Voor een robuust en betrouwbaar mobiliteitssysteem in Brabant is het OV een belangrijke schakel en daarom is het meer dan ooit nodig om stevig door te gaan met de transitie naar gedeelde mobiliteit. We zorgen voor een passend OV-aanbod, schalen op als de vraag naar OV daarom vraagt en zorgen via noodconcessies en gerichte aanbestedingen voor de continuïteit van de OV-concessies. Herijkingsafspraken om flexibel in te kunnen springen op de omstandigheden zullen een belangrijk onderdeel vormen van de nieuwe concessie. Dit alles is nodig om het openbaar vervoer flexibel, toekomstbestendig en betaalbaar te houden.

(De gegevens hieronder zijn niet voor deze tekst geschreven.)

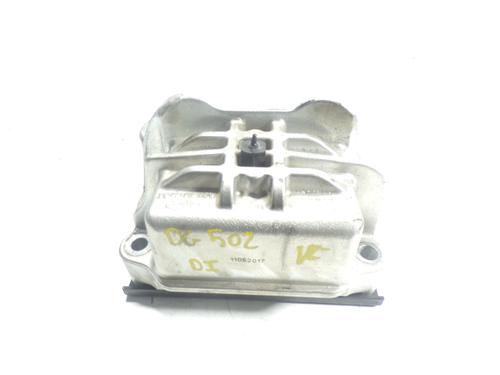 BP9083693M89 main image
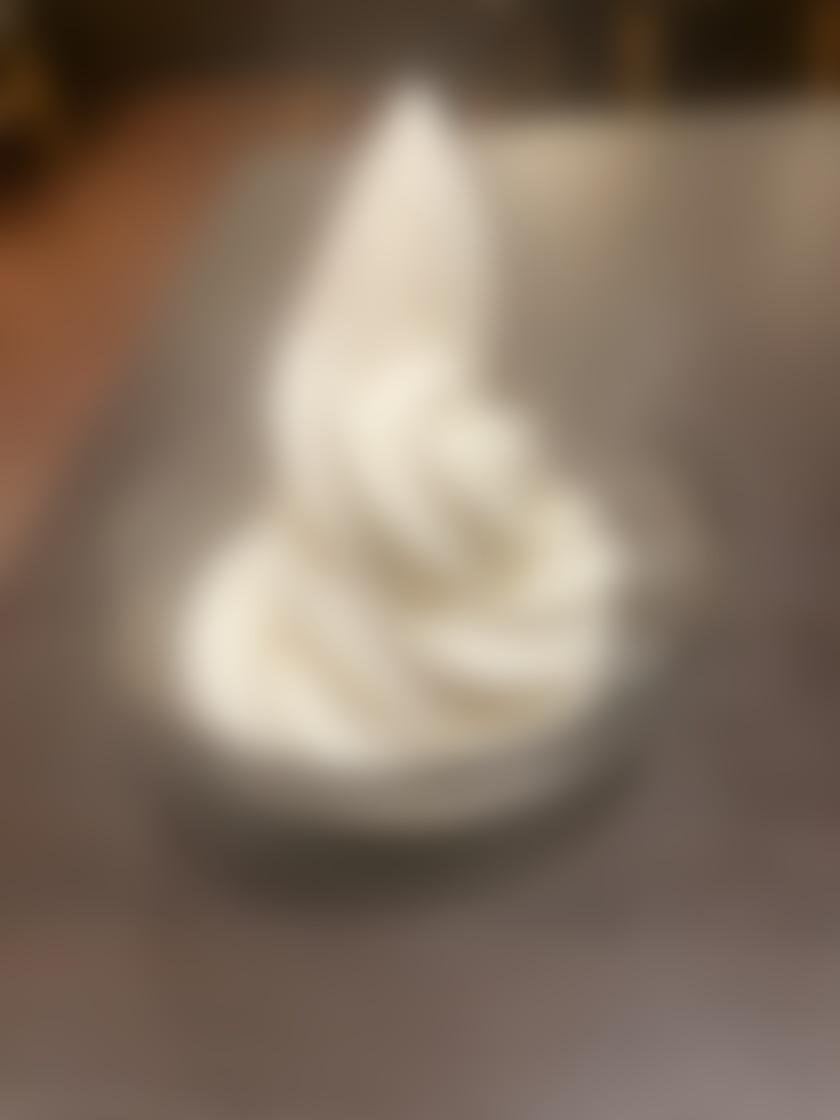 タイトル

Ook het beheer en onderhoud van de provinciale infrastructuur staat flink onder druk. De onderhoudstaak neemt de komende jaren toe, de prijzen zijn fors gestegen als gevolg van de situatie in Oekraïne en er is bij een aantal projecten sprake van vertraging door externe factoren. Door stikstofproblematiek bij reconstructies vertragen ook de hiermee gecombineerde onderhoudswerkzaamheden en is meer incidenteel onderhoud nodig om de kwaliteit toch te kunnen borgen. Het uitgangspunt werk met werk laten we daarom los, want het onderhoud mag nooit tot verkeersonveilige situaties leiden. Waar mogelijk verbeteren we verder de verkeersveiligheid en de bereikbaarheid. De minimumkwaliteitsniveau’s zijn opnieuw vastgesteld met de herijking Kwaliteitsnota Onderhoud Provinciale Infrastructuur (KOPI). In 2023 maken we een start om de uitgaven in lijn te brengen met de beschikbare middelen.
In de jaren 2018 en 2019 lag het aantal dodelijke verkeersslachtoffers in Brabant met respectievelijk 150 en 142 verkeersdoden bijna 50% hoger dan de jaren daarvoor. In 2020 was dit aantal weer gedaald naar 99, en in 2021 zette de daling door (91). Dit aantal is nog steeds te hoog; ieder slachtoffer is er één teveel. Daarnaast is onze doelstelling ook gericht op het aantal letselslachtoffers, landelijk is deze trend al jaren stijgend. We blijven daarom structureel inzetten op het verkeersveiliger maken van onze provincie, via onze pijlers gedrag (educatie, campagnes en voorlichting), infrastructuur en handhaving. Via kleinschalige maatregelen verbeteren we komend jaar de verkeersveiligheid van de provinciale wegen.
De basis voor de juiste investeringsbeslissingen is datagedreven en risicogestuurd.